Two Researchers Create AR System for Teaching Robots New Skills
Under the supervision of Dr. Yunbo Zhang, the novel robot control and interaction system based on machine learning architecture has been developed by Xueting Wang, student in Mechanical and Industrial Engineering Ph.D. The proposed system enables humans to control the remote robot and teach it new skills within three demonstrations. This collaborative project involved both the Rochester Institute of Technology (RIT) and the humanoid robot startup Figure AI.
Training a robot to perform tasks presents significant challenges due to limitations in communication between the robot instructor and the robot itself. The existing barrier hinders then robot's ability to independently comprehend human instructions effectively. The project mainly develops an interactive system in the Augment Reality (AR) environment to enhance the communication between human and the robot and an intelligent robot learning framework to enable robot to capture the operating strategy from robot instructor.
The AR interactive system that has been developed has the primary objective of facilitating natural language communication between humans and robots, empowering the robot to actively articulate its requirements. Additionally, the intelligent robot learning framework is designed to acquire task-related skills, ranging from basic actions like grasping, as illustrated in figure 1, to more intricate tasks such as assembling a gear box, instructed by a human instructor during human-robot interaction. Traditionally, robot instructors are expected to possess substantial knowledge of robotics and experience in maneuvering 6-DoF robotic arms. However, this project aims to alleviate the prerequisite knowledge burden on robot instructors, offering an efficient solution for robots to assimilate complex tasks effectively.

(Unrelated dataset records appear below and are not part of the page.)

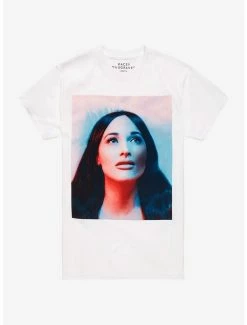 Brand new ✨ Kacey Musgraves Portrait Boyfriend Fit 👧 Girls T-Shirt 💯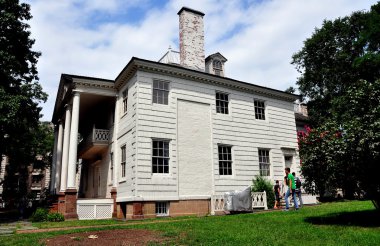 NYC: 1765 morris-jumel köşkü
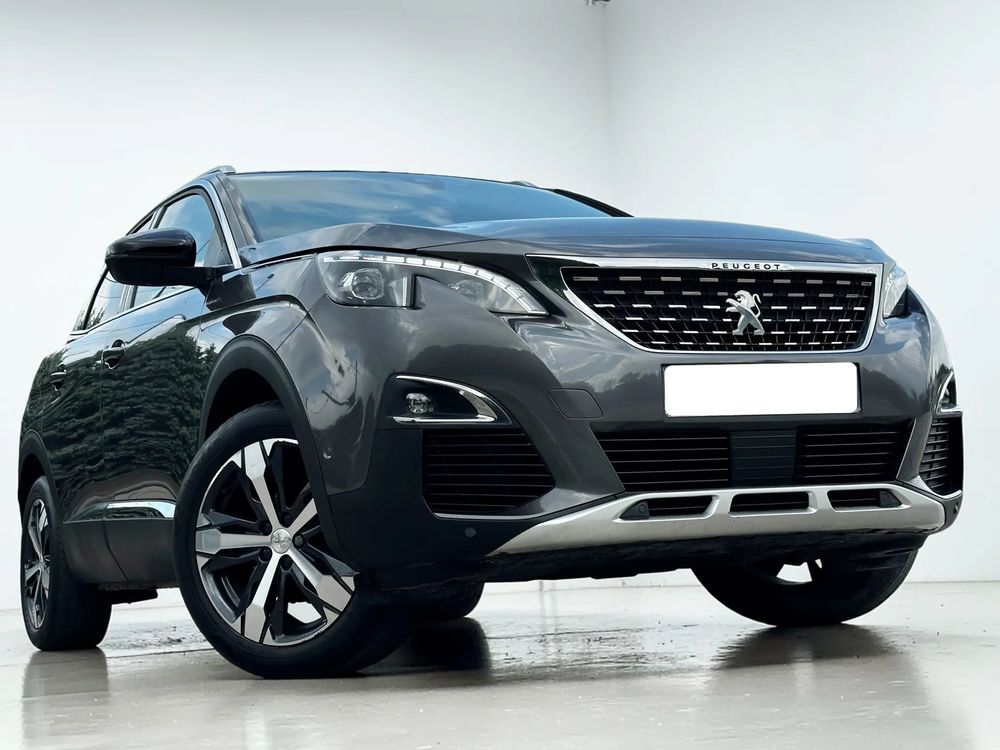 Peugeot 3008 II 2017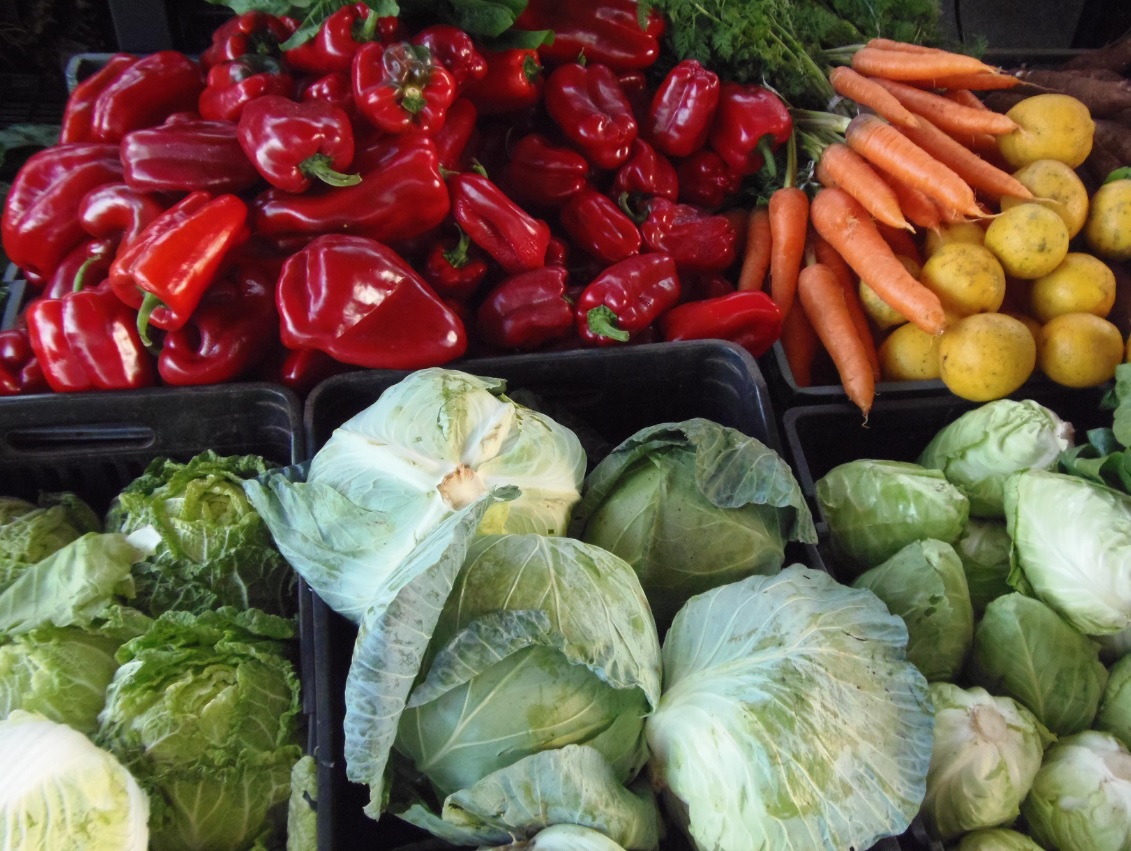 Promociones en el Mercado Concentrador Zonal de Posadas hasta agotar stock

The project main contributions include introducing an AR human-robot teleoperation framework, integrating large language models for natural language interaction and a user-friendly interface displaying future robot plans. Additionally, a robot learning framework was developed to efficiently extract crucial information from human-robot interactions, enabling effective execution of specific operation plans. Moreover, a comprehensive framework leveraging vision language models within the robot system was proposed, covering environment perception, targeted query generation, and precise operation plan formulation for enhanced robotic autonomy.